Service Communautaire d'Information sur la Recherche et le Développement - CORDIS

La question de l'impact de l'élargissement de l'Union européenne sur l'environnement sera prise sous loupe à Helsinki

Une réunion informelle du Conseil de l'environnement a eu lieu à Helsinki, les 24 et 25 juillet, réunissant, pour la première fois sous la présidence finlandaise du Conseil, les ministres des États membres de l'UE, des pays de l'Europe centrale et orientale et de Chypre et le ...
Une réunion informelle du Conseil de l'environnement a eu lieu à Helsinki, les 24 et 25 juillet, réunissant, pour la première fois sous la présidence finlandaise du Conseil, les ministres des États membres de l'UE, des pays de l'Europe centrale et orientale et de Chypre et le commissaire européen en charge de l'environnement.
La plus grande partie des débats portait sur la nécessité d'un développement durable - priorité établie par le traité d'Amsterdam entré en vigueur le premier mai. Les délégués étaient tous d'accord pour dire que la protection de l'environnement doit figurer en tête du programme de l'action pour l'environnement, d'autant plus que l'élargissement et la libéralisation sont imminents. Les experts de l'environnement s'attendent à ce que l'élargissement de l'Union européenne déclenche un développement économique et technologique: ces processus ont, au cours de l'histoire, conduit à des effets secondaires néfastes pour l'environnement. Pour en limiter les effets, le Conseil de l'environnement examinera essentiellement les processus de "découplage", destinés à rompre ce lien de cause à effet. Ils comprendront un meilleur contrôle de l'environnement et de l'''éco-efficacité". La recherche et le développement joueront également un rôle important dans l'amélioration de l'efficacité avec laquelle les ressources sont gérées.
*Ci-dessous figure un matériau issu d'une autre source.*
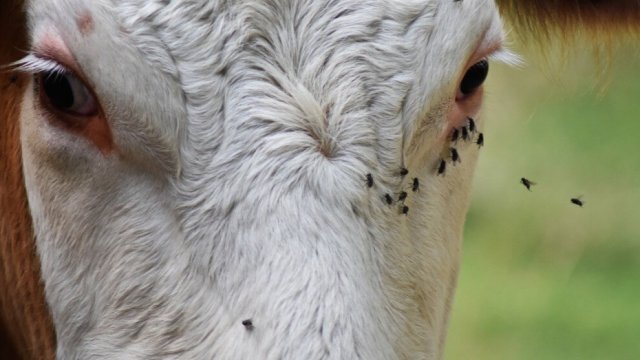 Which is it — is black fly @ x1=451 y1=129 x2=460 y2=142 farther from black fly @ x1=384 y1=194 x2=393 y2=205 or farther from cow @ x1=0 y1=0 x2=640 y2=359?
black fly @ x1=384 y1=194 x2=393 y2=205

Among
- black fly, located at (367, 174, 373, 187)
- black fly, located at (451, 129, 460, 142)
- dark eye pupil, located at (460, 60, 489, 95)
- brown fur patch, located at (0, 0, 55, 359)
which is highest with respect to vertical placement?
dark eye pupil, located at (460, 60, 489, 95)

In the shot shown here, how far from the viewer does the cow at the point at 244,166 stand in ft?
10.7

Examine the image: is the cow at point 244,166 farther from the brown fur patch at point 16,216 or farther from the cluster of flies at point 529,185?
the cluster of flies at point 529,185

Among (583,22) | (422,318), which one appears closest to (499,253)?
(583,22)

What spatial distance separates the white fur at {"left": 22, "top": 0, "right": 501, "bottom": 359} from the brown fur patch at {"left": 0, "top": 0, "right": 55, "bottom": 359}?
1.06 ft

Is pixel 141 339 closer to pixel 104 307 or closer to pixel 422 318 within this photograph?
pixel 104 307

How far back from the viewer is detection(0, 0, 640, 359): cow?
327cm

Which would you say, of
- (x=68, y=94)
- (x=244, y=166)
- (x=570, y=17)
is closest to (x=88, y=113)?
(x=68, y=94)

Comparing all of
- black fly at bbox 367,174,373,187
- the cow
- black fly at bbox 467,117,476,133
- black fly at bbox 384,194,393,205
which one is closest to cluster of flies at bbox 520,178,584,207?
black fly at bbox 467,117,476,133

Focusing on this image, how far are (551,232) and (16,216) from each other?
27.6 ft

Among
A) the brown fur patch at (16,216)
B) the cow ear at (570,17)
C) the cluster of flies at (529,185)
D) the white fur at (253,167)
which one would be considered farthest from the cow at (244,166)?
the cow ear at (570,17)

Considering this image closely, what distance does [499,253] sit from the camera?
11656 millimetres

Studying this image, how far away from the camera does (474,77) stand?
3896 millimetres

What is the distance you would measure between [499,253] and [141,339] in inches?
332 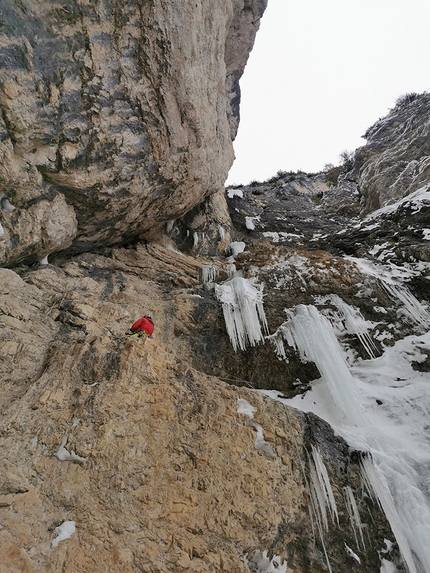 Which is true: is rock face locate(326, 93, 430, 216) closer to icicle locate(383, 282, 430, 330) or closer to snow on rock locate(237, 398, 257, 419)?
icicle locate(383, 282, 430, 330)

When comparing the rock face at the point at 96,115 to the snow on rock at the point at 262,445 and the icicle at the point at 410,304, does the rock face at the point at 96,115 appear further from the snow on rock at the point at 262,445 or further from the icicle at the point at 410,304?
the icicle at the point at 410,304

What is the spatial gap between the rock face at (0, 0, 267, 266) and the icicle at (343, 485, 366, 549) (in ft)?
21.5

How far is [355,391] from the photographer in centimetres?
510

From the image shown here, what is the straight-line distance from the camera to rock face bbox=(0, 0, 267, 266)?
15.3 feet

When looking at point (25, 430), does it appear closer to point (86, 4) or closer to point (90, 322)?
point (90, 322)

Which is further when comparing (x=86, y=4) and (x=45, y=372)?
(x=86, y=4)

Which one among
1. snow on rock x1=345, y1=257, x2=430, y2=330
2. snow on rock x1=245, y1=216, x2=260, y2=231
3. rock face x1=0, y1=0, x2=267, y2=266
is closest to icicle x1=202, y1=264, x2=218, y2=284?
rock face x1=0, y1=0, x2=267, y2=266

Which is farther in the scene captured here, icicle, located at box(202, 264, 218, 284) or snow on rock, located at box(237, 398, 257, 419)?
icicle, located at box(202, 264, 218, 284)

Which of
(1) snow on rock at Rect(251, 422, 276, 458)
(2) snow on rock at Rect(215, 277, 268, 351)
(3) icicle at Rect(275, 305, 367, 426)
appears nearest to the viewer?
(1) snow on rock at Rect(251, 422, 276, 458)

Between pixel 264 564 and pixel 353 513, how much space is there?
50.1 inches

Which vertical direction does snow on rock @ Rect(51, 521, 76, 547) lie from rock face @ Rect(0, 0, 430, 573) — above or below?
below

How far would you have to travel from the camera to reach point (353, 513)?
348cm

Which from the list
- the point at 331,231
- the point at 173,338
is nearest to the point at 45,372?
the point at 173,338

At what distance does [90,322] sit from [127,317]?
0.76m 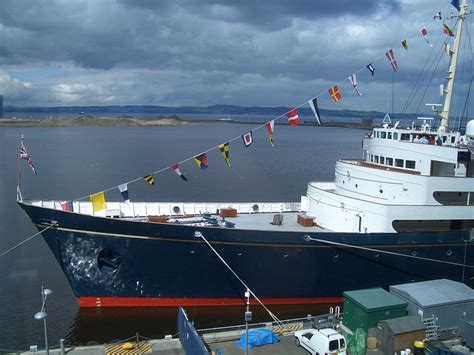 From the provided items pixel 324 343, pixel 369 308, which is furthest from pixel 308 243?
pixel 324 343

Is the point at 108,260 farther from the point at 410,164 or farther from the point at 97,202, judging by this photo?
the point at 410,164

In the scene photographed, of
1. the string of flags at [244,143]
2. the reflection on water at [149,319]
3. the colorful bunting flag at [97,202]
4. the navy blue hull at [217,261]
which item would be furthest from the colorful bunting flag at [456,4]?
the colorful bunting flag at [97,202]

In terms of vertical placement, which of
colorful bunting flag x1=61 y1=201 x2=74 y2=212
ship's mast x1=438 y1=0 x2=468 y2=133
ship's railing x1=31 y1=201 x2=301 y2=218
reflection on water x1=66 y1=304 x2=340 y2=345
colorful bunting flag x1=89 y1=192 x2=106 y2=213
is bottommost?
reflection on water x1=66 y1=304 x2=340 y2=345

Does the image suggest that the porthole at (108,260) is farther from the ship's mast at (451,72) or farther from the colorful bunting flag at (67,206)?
the ship's mast at (451,72)

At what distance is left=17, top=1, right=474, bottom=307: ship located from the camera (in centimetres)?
1723

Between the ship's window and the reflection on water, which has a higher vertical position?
the ship's window

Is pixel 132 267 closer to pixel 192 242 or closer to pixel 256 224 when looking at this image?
pixel 192 242

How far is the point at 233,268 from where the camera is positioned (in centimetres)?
1775

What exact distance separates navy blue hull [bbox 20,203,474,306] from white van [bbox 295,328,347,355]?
5494mm

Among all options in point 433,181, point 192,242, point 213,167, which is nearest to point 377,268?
point 433,181

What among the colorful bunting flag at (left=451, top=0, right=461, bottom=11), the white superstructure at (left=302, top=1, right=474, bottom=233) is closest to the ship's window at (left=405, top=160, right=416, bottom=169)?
the white superstructure at (left=302, top=1, right=474, bottom=233)

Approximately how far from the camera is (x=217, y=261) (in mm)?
17672

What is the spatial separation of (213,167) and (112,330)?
156ft

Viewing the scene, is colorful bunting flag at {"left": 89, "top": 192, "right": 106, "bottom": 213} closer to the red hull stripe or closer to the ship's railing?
the ship's railing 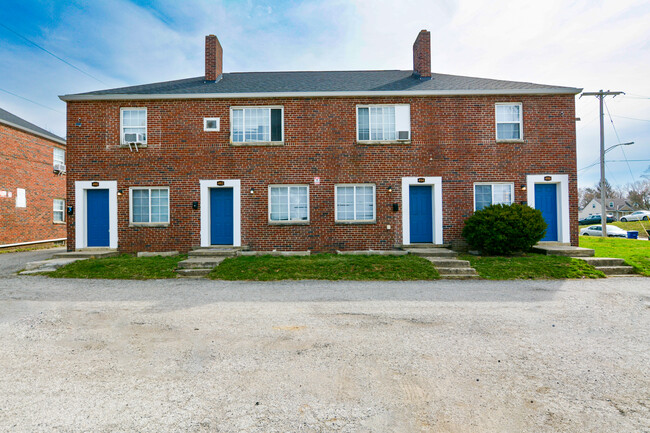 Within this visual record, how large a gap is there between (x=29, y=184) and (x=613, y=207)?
94.6m

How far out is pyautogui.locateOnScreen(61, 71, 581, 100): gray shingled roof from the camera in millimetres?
12789

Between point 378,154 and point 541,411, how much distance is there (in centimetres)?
1077

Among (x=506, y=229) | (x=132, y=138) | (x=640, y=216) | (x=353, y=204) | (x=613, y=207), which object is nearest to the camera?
(x=506, y=229)

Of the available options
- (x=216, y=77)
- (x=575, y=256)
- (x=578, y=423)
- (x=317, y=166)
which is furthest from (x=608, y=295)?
(x=216, y=77)

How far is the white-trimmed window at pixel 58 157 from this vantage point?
2049cm

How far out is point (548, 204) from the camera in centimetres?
1302

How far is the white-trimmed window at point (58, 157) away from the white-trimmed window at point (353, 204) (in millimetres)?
18642

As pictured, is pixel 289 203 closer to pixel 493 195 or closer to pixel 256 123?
pixel 256 123

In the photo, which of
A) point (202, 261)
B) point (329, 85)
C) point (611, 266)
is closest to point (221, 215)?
point (202, 261)

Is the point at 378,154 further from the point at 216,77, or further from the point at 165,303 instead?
the point at 165,303

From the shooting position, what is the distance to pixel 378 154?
42.3ft

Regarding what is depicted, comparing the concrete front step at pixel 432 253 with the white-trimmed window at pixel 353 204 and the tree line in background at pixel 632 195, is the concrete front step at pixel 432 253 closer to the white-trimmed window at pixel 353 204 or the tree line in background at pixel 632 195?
the white-trimmed window at pixel 353 204

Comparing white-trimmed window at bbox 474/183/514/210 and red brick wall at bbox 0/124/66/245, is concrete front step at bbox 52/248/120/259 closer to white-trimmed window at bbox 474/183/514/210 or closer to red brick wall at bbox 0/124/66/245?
red brick wall at bbox 0/124/66/245

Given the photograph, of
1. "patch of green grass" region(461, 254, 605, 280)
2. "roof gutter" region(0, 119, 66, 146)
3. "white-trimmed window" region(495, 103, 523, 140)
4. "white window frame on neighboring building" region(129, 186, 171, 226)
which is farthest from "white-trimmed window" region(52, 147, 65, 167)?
"white-trimmed window" region(495, 103, 523, 140) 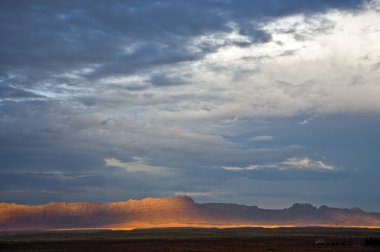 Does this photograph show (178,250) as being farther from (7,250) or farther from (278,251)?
(7,250)

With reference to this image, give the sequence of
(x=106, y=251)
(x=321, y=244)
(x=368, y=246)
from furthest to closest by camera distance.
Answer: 1. (x=321, y=244)
2. (x=368, y=246)
3. (x=106, y=251)

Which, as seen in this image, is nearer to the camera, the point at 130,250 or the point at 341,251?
the point at 341,251

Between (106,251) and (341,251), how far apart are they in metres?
30.6

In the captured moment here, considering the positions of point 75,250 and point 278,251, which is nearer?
point 278,251

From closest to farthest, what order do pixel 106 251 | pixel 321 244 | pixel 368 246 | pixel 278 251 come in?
pixel 278 251 → pixel 106 251 → pixel 368 246 → pixel 321 244

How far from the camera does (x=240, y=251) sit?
242ft

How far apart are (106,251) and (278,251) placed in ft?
74.7

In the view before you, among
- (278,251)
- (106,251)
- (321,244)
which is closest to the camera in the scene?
(278,251)

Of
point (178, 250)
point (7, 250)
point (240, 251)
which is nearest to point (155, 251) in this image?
point (178, 250)

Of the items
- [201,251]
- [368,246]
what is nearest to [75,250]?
[201,251]

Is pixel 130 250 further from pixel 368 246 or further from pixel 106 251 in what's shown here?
pixel 368 246

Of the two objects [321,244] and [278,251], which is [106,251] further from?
[321,244]

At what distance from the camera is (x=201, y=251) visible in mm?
74438

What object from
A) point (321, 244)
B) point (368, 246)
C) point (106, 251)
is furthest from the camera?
point (321, 244) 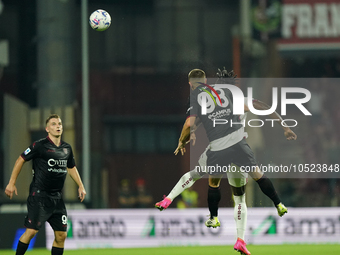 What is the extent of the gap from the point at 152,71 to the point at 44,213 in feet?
34.8

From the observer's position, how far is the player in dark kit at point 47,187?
784 cm

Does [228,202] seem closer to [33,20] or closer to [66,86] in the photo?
[66,86]

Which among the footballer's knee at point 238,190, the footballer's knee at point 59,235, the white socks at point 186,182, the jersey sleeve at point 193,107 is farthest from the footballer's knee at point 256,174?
the footballer's knee at point 59,235

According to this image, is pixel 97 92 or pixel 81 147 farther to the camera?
pixel 97 92

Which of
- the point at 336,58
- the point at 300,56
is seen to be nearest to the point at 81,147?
the point at 300,56

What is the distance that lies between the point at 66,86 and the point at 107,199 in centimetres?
308

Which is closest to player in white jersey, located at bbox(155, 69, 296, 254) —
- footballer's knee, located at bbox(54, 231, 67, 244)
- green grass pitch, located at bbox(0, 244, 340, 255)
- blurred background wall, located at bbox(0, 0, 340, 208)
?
footballer's knee, located at bbox(54, 231, 67, 244)

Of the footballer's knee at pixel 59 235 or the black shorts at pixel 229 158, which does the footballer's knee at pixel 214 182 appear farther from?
the footballer's knee at pixel 59 235

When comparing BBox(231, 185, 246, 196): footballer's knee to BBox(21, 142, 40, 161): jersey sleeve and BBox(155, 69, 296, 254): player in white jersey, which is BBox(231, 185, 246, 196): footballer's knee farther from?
BBox(21, 142, 40, 161): jersey sleeve

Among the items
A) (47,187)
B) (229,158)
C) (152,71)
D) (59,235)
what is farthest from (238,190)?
(152,71)

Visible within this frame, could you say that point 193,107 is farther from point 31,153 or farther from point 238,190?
point 31,153

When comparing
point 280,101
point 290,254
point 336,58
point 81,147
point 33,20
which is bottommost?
point 290,254

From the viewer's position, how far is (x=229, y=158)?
868 cm

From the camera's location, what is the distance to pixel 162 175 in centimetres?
1738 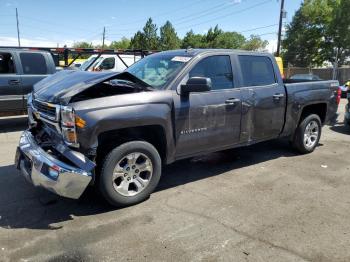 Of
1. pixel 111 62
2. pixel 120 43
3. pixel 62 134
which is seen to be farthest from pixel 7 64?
pixel 120 43

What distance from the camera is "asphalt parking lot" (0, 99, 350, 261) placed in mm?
3260

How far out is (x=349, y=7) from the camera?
43.3 metres

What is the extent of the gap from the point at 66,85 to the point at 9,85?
5.15 m

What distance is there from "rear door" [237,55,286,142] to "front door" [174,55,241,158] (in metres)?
0.21

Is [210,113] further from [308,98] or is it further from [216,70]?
[308,98]

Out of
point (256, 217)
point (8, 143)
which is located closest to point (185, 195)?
point (256, 217)

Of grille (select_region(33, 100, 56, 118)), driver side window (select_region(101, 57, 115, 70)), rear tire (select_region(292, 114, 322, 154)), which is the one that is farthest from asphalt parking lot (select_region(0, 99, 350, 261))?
driver side window (select_region(101, 57, 115, 70))

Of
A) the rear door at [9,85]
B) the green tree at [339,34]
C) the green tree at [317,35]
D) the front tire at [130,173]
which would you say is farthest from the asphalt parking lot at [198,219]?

Les changements climatiques constituent une autre priorité du Conseil de l'environnement visant à instaurer des politiques communes et coordonnées pour contribuer à la réalisation des objectifs de Kyoto. Toutefois, le Conseil craint que cela ne soit pas suffisant. Les politiques et les objectifs dans les domaines des transports, de l'énergie et de l'industrie seront donc examinées en priorité, a-t-il affirmé. Ceci pourrait être fait en révisant les objectifs d'efficacité énergétique et en augmentant la part de marché du secteur des sources d'énergie renouvelables et en doublant la quantité d'énergie produite par les centrales à cycle combiné.
Les délégations sont également convenues qu'il serait souhaitable de disposer d'instruments économiques et d'un cadre pour l'énergie visant à promouvoir l'éco-efficacité. Les membres du Conseil ont indiqué qu'ils souhaitaient voir des objectifs sectoriels spécifiques atteints en utilisant des instruments économiques pour fixer des normes techniques et des normes dans le domaine des émissions, ainsi que de meilleurs accords dans le domaine de l'innovation et de l'industrie en vue de promouvoir des modes de transport plus propres (tels que le rail et le bateau).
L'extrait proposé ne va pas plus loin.